The total firm yield of Huntsville's water system is the combined firm yield of the wells and the TRA plant.
The minimum capacity required by TCEQ to meet Huntsville's water demand is 2.6 to 2.9 mgd short of Huntsville's combined rated capacity.
Here's the breakdown:
• Firm capacity of the TRA water treatment plant: 6.0 mgd with a total capacity of 8.0 mgd. The limiting factor: high service pumps, which send treated water into the 30-inch distribution line.
•The short-term safe yield from the aquifer is 3.0 to 3.3 mgd.
•Combined with the groundwater, the surface water system capacity is 9.0 to 9.3 mgd.
• Huntsville is drawing water out of Lake Livingston at a rate close to its permitted limit. If, during a drought, every water rights holder was pumping from Lake Livingston at their permitted rates, the lake would drop to near empty.
Note that while the models say that, they may not reflect real-world conditions. “This has always seemed alarmist to me,” said Carol Reed, the city's director of public utilities.
Huntsville is among small communities in Walker and surrounding counties with 30 percent of the available water rights on Lake Livingston. The major water rights holder is the city of Houston, with 70 percent.
More for utility geeks and policy makers
Pages 1-13 of the report explain the rigor used to determine number of connections, peak and average water demand, and safe yield of the wells.
The safe yield figure seems to be the one Crespo considers the most variable — but “conservative but reasonable” — based on modeling and historical data. The data Crespo used is included in the report's two appendices.
Pages 14 and 15 describe the TRA plant and the limiting factors of plant capacity. Voters may want to pay attention to Section 5.2 Potential and Key Limiting Factors.
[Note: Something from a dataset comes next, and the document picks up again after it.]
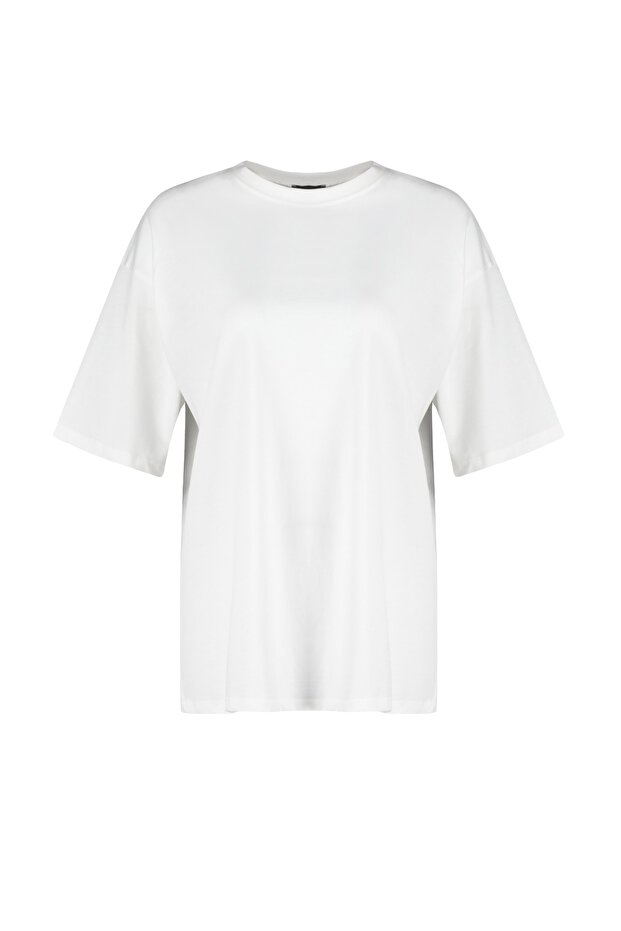 Ecru 100 % dicke Baumwolle, Oversize/Schnitt in weiter Passform, gestricktes T-Shirt mit Rundhalsausschnitt TWOSS23TS00040 - 6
These include drought conditions and availability of “raw” or untreated lake water; lake levels; raw water pump capacity; treatment plant filters and high service pump capacity.
Page 14 notes that the plant's clear well capacity limits capacity to 8 mgd. The clear wells are used to settle solids and sediment from the raw water pulled in from the lake and comprise the first step in treatment.
Page 15 is an evaluation of the capacity of each component of the TRA plant.
The chart on this page shows the firm and total capacity of each component. The number of value to readers is the “firm” capacity or the rated capacity based on TCEQ rules. The total capacity is the design capacity of the individual component. The firm capacity of each component reflects its capacity as part of the system functioning as a whole.
The report identifies the high service pumps as “the key limiting factor” in determining the total capacity of the water treatment plant. If the largest capacity high service pump is down, the system of high service pumps could only manage 6.0 mgd. That 6.0 mgd is considered by the state to be the high service pumps' “firm” or reliable yield.
Note that these high service pumps are 30 years old and atypically enclosed in concrete, which makes them tough to access for servicing, and the parts to the pumps’ electric system are no longer manufactured. Therefore, the probability that one of the pumps will fail is high.
• The plant can reliably pull in 16.1 mgd of raw water.
• It can filter 6.72 mgd.
• It can treat in its clarifiers 8 mgd.
• It can pump 6 mgd.
Page 16 details Huntsville's rights to Lake Livingston water and addresses the impact of drought and the limits of Huntsville's contracted supply to meet future demand.
TRA has the rights to 40,000 acre-feet — about 35.8 mgd — of water per year from Lake Livingston for municipal use. The city of Huntsville entered into a contract with TRA in 1976 for 10 mgd of water per day from Lake Livingston with the option to buy 10 mgd more. In 2006, the city took the option for the additional 10 mgd for a total of 20 mgd. The city took out a separate contract for up to 7 mgd for the Tenaska electric generation plant.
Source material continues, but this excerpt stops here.